Consider the practical challenge of detecting if people cheat on a test. For example, people who have been in a car accident may seek financial compensation from insurance companies by feigning cognitive impairment such as pronounced memory loss. When these people are confronted with a memory test that is intended to measure the extent of their impairment, they may deliberately under-perform. This behavior is called malingering, and it may be accompanied by performance much worse than that displayed by real amnesiacs. Sometimes, for example, malingerers may perform substantially below chance.
Malingering is not always easy to detect, but is naturally addressed by a mixture model. Using this approach, it is possible to infer which of two categories – those who malinger, and those who are truthful or bona fide – each person belongs to, and quantify the confidence in each of these classifications.

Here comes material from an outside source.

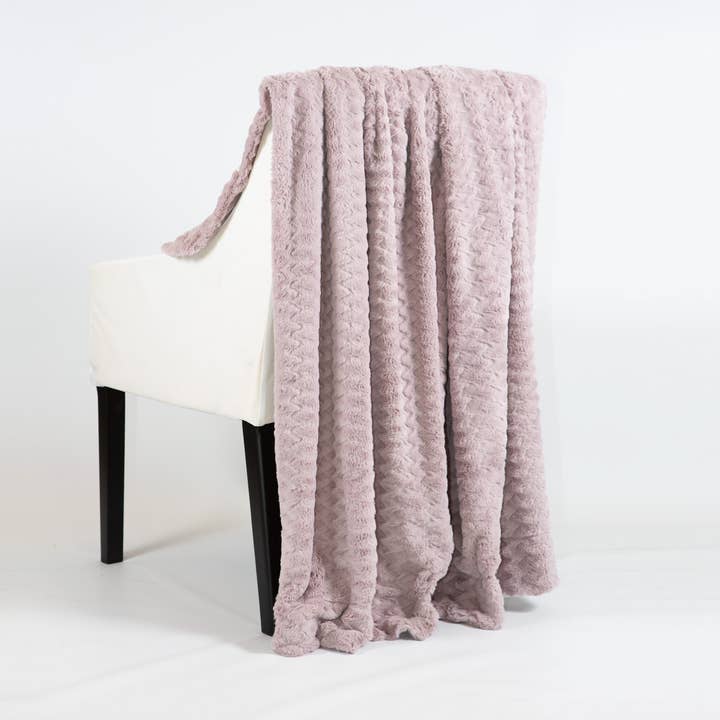 Plaid en fausse fourrure ZigZag rose/chiné 130 x 180 cm pour la vente par HemsidanDesign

We consider an experimental study on malingering, in which each of p = 22 participants completed a memory test (Ortega, Wagenmakers, Lee, Markowitsch, & Piefke, 2012). One group of participants was told to do their best. These are the bona fide participants. The other group of participants was told to under-perform by deliberately simulating amnesia. These are the malingerers. Out of a total of n = 45 test items, the participants get 45, 45, 44, 45, 44, 45, 45, 45, 45, 45, 30, 20, 6, 44, 44, 27, 25, 17, 14, 27, 35, and 30 correct. Because this was an experimental study, we know that the first 10 participants were bona fide and the next 12 were instructed to malinger.

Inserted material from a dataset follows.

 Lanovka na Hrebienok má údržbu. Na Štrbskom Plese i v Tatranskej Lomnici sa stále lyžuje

Implement a simple mixture model inferring which group each participant belongs to. Examine the posteriors over group-level parameters.
HINT: the group-level variables you are trying to infer are the error rates; it probably makes sense to assume that the malingerers are worse than bonafide participants, but have uncertainty over each value.
var scores = [45, 45, 44, 45, 44, 45, 45, 45, 45, 45, 30, 20, 6, 44, 44, 27, 25, 17, 14, 27, 35, 30]
var subjIDs = _.range(scores.length)
var data = map(function(datum) {return _.zipObject(['subjID', 'score'], datum)}, _.zip(subjIDs, scores));
var inferOpts = {method: 'MCMC', samples: 10000}
var results = Infer(inferOpts, function() {
// Your code here...
var obsFn = function(datum){
observe(// Your code here...)
}
mapData({data: data}, obsFn)
// Your code here...
return // Your code here...
})
viz.marginals(results)
Examine the posteriors over group membership for each participant. Did all of the participants follow the instructions? (i.e. are the first 10 inferred to be in one group and the next 12 in the other?)